• WHAT TO DO:
Return each of the entries below precisely, with no pictures in the result.

*** Opening RECORDS TO USE ***

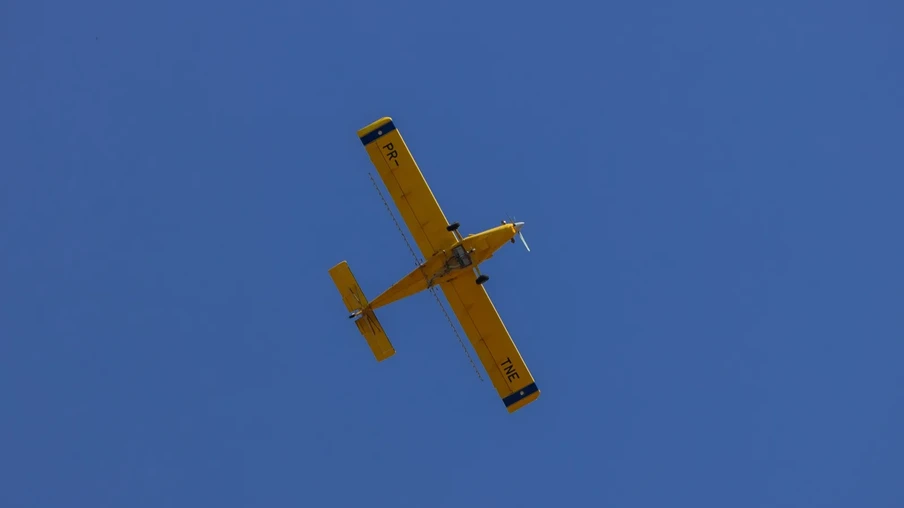Foto de avião agrícola amarelo voando. Foto de avião agrícola amarelo voando.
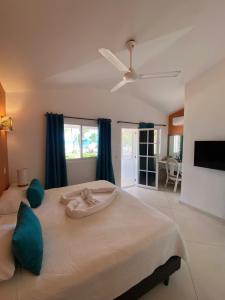 a bedroom with a bed with a towel on it at Hotel Casa Coson in Las Terrenas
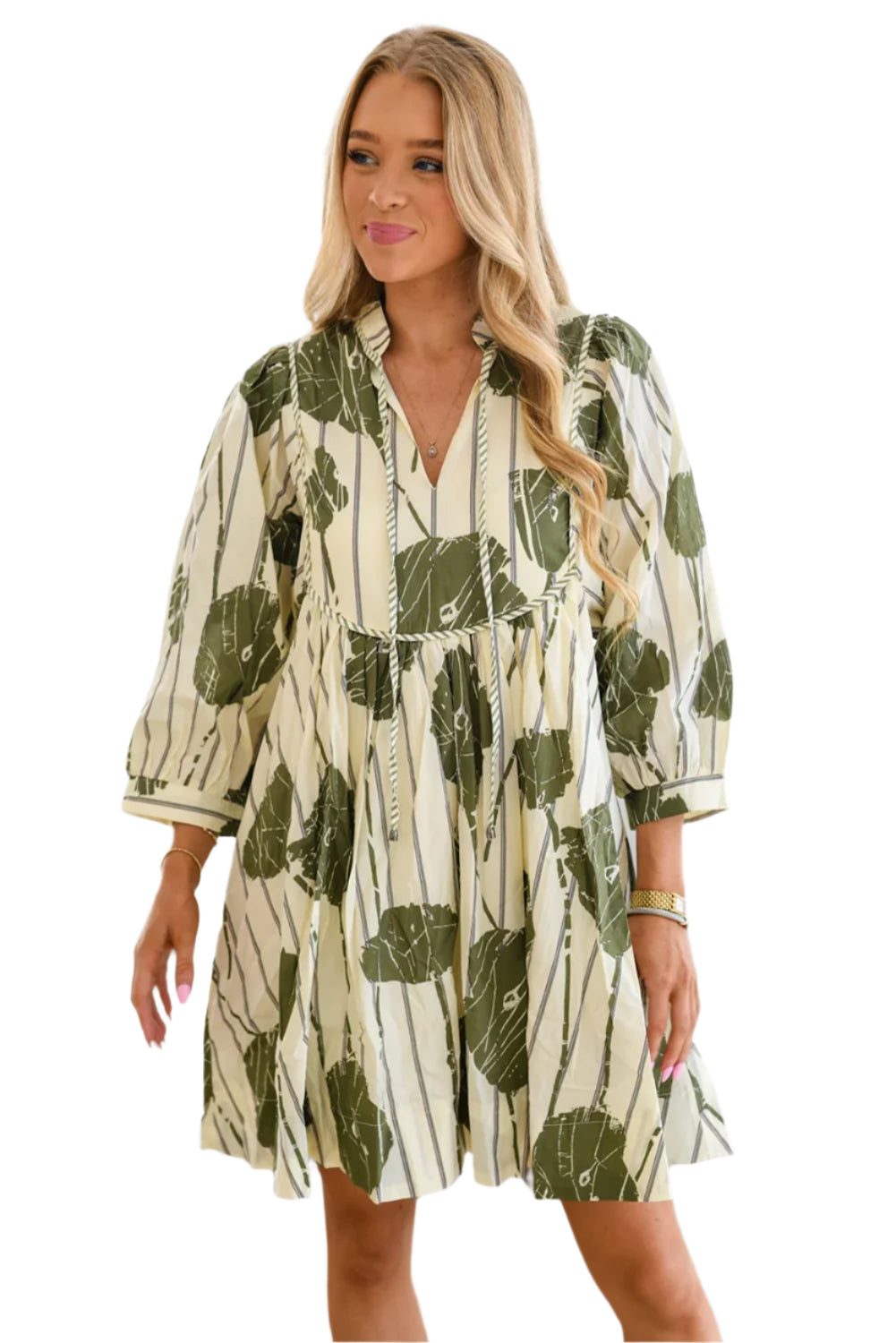 The front view of green abstract bohemian dress, featuring lace-up V-neck and 3/4 sleeves.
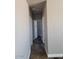 Long hallway with neutral colored walls at 1653 S 360Th Ave, Tonopah, AZ 85354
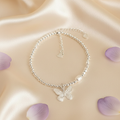 Papillon Perle — Flat Lay on Cream Silk
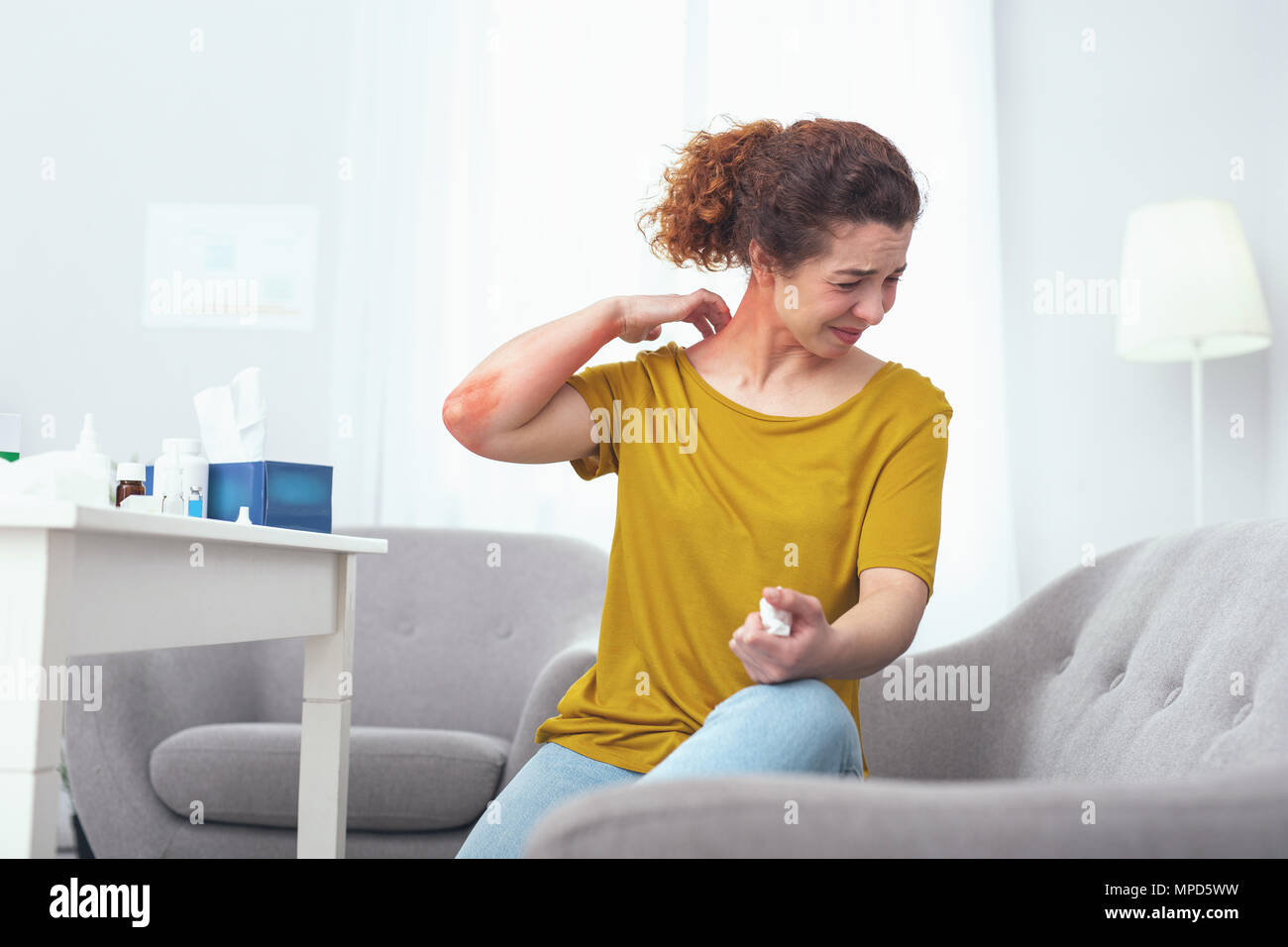 Young woman suffering from a neck sprain Stock Photo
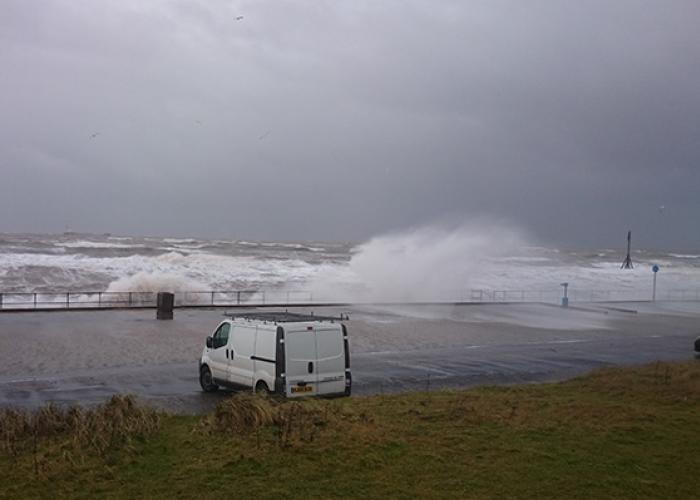 View of van on beach behind seawall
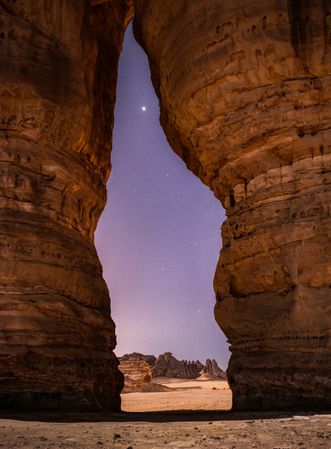 Gate rock formation showcasing Venus in clear desert sky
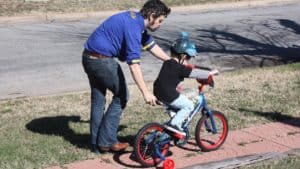 Like training wheels on a bike, make yourself needed but not necessary
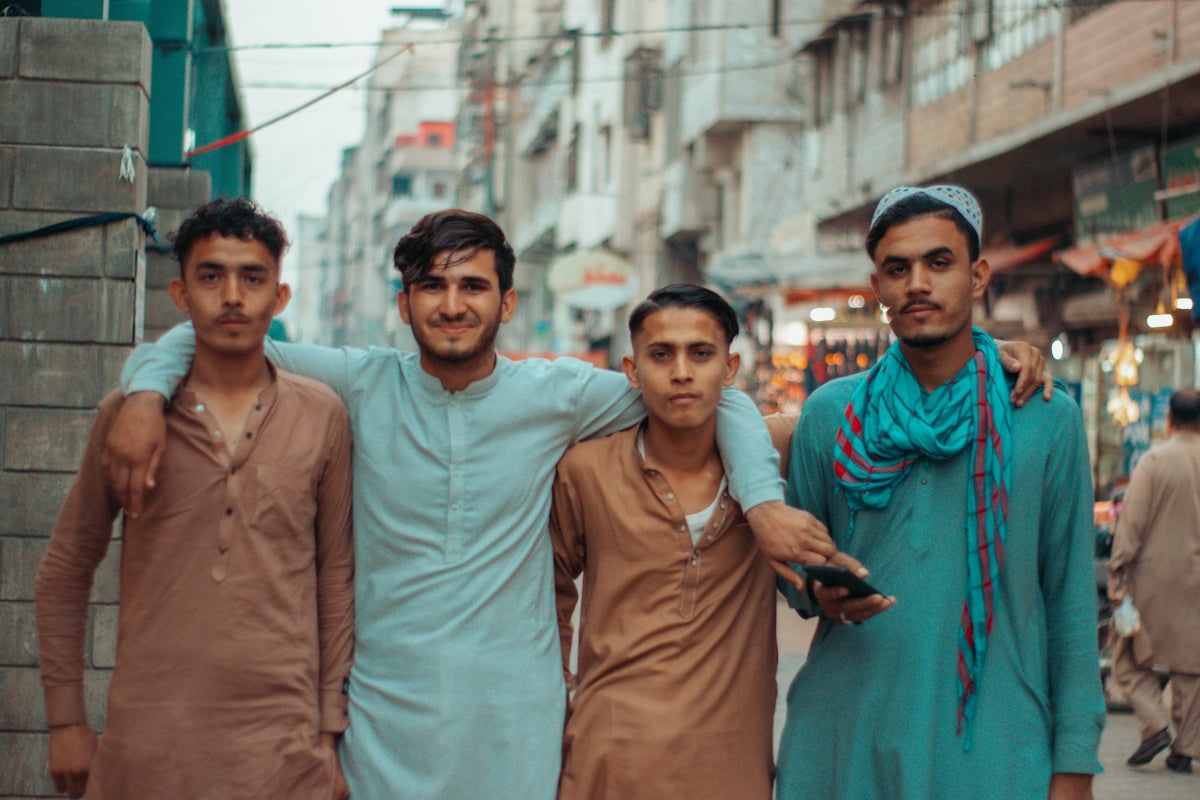 a group of men standing next to each other on a street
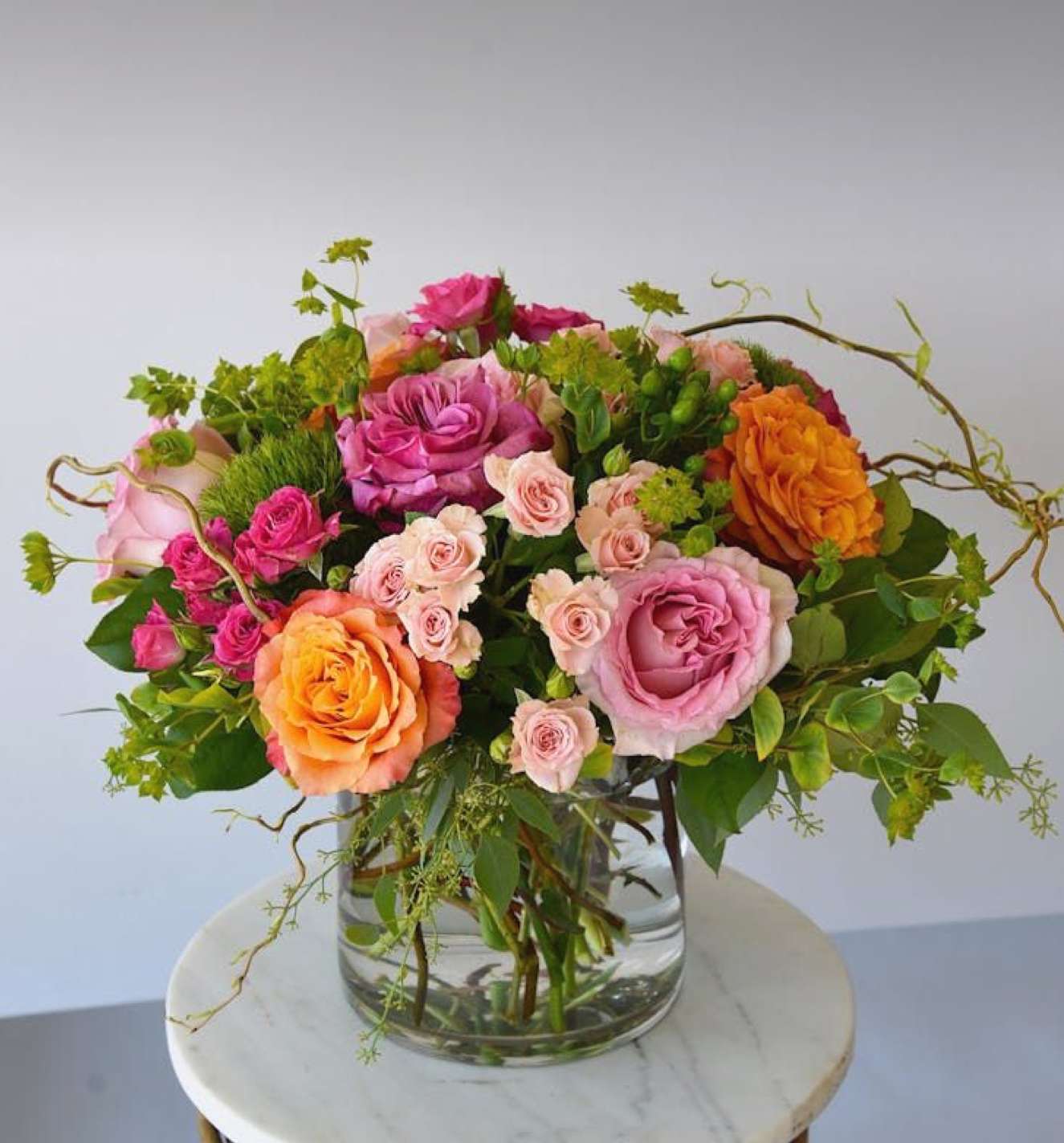 Color Me Rosy  - A lush and beautiful collection of stunning premium roses with spray roses in vibrant hues of tangerine orange, ruffled mauve-pink rose and soft pink roses.  Accented with green hydrangea, seasonal blooms and foliage designed in a classic glass vase.  Simply lovely!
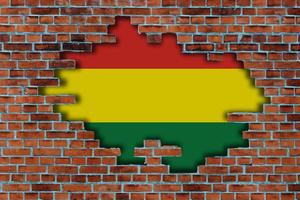 3D Flag of Bolivia behind the broken old stone wall background. photo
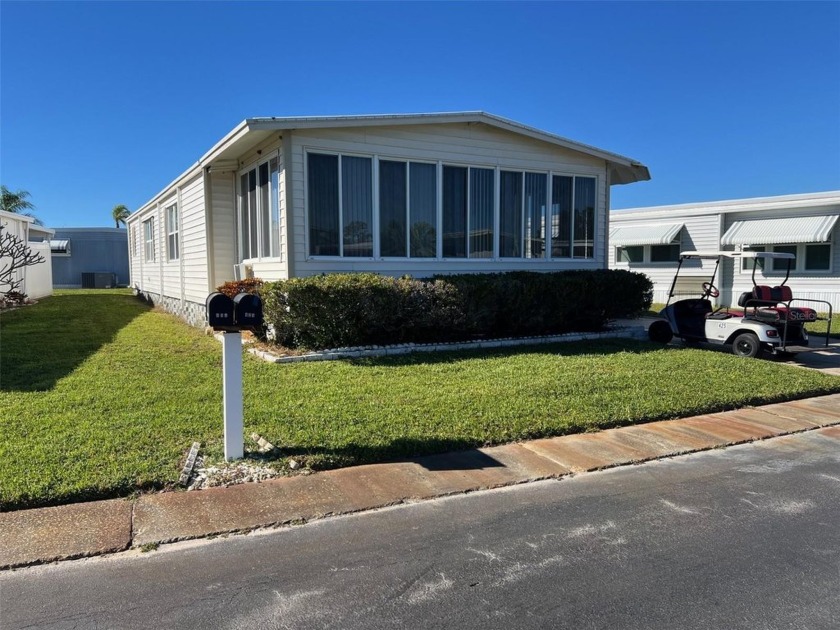 BRAND NEW CARPORT COMING! Four Seasons Estates is a charming 55+ - Beach Home for sale in Largo, Florida on Beachhouse.com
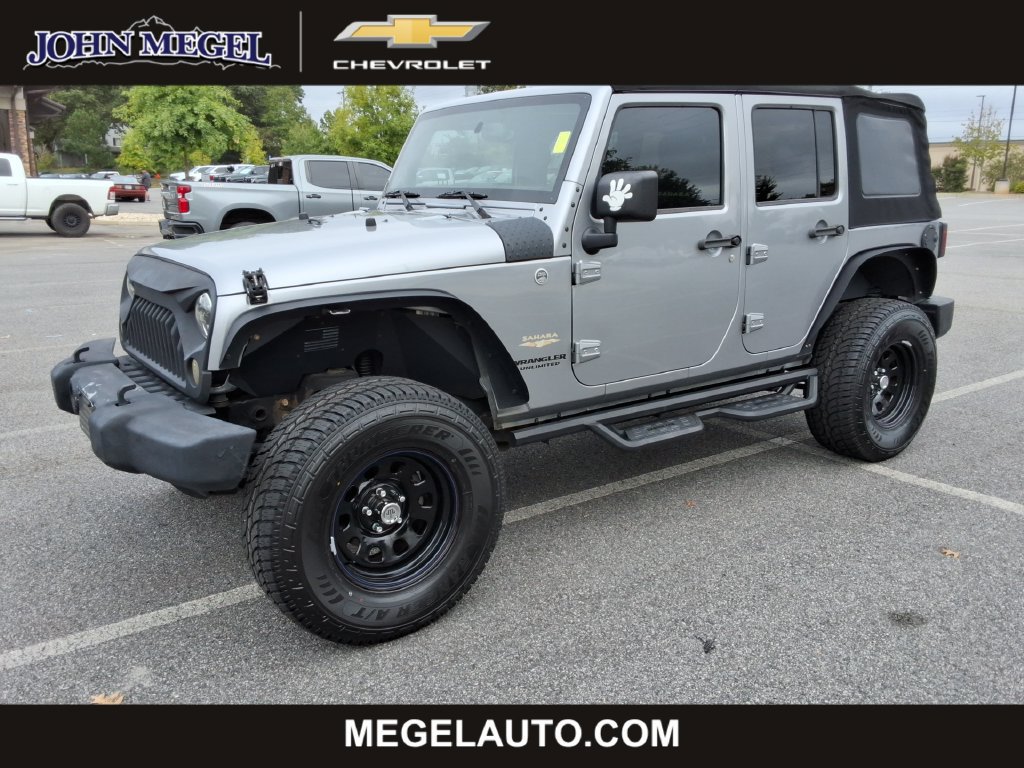 Used 2014 Jeep Wrangler Unlimited Sahara w/ Max Tow Package AWD/4WD image 1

*** Closing RECORDS TO USE ***

• SOLVED PROBLEM:
Foto de avião agrícola amarelo voando. Foto de avião agrícola amarelo voando.
 a bedroom with a bed with a towel on it at Hotel Casa Coson in Las Terrenas
 The front view of green abstract bohemian dress, featuring lace-up V-neck and 3/4 sleeves.
 Long hallway with neutral colored walls at 1653 S 360Th Ave, Tonopah, AZ 85354
 Papillon Perle — Flat Lay on Cream Silk
 Young woman suffering from a neck sprain Stock Photo
 View of van on beach behind seawall
 Gate rock formation showcasing Venus in clear desert sky
 Like training wheels on a bike, make yourself needed but not necessary
 a group of men standing next to each other on a street
 Color Me Rosy  - A lush and beautiful collection of stunning premium roses with spray roses in vibrant hues of tangerine orange, ruffled mauve-pink rose and soft pink roses.  Accented with green hydrangea, seasonal blooms and foliage designed in a classic glass vase.  Simply lovely!
 3D Flag of Bolivia behind the broken old stone wall background. photo
 BRAND NEW CARPORT COMING! Four Seasons Estates is a charming 55+ - Beach Home for sale in Largo, Florida on Beachhouse.com
 Used 2014 Jeep Wrangler Unlimited Sahara w/ Max Tow Package AWD/4WD image 1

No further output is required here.